Task statement: Using the data below, output the first line and every line after it up to and including the line containing "Enlarge image Cover: Deep", exactly as written and with nothing added.

(Stored items from a collection)
━━━━━━━━━━━━━━━━
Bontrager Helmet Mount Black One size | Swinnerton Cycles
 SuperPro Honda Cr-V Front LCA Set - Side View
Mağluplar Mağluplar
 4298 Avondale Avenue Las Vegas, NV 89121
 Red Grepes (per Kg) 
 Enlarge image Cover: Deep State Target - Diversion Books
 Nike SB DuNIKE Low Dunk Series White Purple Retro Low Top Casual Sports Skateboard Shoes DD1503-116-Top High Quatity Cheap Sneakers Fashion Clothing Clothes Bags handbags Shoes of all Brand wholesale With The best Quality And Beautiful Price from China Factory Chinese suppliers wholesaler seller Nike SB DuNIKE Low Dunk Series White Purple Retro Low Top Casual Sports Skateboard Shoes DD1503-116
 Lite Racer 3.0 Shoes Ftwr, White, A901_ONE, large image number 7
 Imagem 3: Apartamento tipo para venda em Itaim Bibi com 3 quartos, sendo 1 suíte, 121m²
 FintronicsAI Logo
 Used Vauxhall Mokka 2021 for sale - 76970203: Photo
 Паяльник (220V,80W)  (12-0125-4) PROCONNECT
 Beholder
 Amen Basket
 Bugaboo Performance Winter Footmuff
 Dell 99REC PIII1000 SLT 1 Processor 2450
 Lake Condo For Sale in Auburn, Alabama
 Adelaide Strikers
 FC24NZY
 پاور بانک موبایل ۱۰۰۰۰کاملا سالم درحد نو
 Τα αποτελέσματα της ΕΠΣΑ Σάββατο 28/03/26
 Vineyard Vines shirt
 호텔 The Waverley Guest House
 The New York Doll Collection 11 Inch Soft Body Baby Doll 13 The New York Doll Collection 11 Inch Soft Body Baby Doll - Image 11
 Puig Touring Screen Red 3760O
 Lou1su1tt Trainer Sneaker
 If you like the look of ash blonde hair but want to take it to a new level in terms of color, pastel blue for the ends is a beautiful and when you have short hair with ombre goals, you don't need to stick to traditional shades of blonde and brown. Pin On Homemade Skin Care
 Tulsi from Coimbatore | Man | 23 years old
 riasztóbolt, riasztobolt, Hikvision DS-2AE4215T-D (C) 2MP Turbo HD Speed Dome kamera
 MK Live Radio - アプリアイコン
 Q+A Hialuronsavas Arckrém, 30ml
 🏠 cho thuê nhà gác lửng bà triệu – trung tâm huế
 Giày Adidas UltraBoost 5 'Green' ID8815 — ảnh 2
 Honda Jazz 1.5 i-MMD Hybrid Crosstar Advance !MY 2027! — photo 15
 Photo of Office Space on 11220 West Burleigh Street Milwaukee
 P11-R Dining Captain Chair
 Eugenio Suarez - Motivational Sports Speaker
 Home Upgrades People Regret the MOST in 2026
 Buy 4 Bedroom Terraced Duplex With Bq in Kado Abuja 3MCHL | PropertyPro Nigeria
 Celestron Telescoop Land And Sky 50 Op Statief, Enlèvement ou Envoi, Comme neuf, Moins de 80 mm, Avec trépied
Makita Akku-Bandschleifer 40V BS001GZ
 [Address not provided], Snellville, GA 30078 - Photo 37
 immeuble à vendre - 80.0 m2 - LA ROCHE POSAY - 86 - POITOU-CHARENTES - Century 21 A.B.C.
━━━━━━━━━━━━━━━━
Response for this exercise:
Bontrager Helmet Mount Black One size | Swinnerton Cycles
 SuperPro Honda Cr-V Front LCA Set - Side View
Mağluplar Mağluplar
 4298 Avondale Avenue Las Vegas, NV 89121
 Red Grepes (per Kg) 
 Enlarge image Cover: Deep State Target - Diversion Books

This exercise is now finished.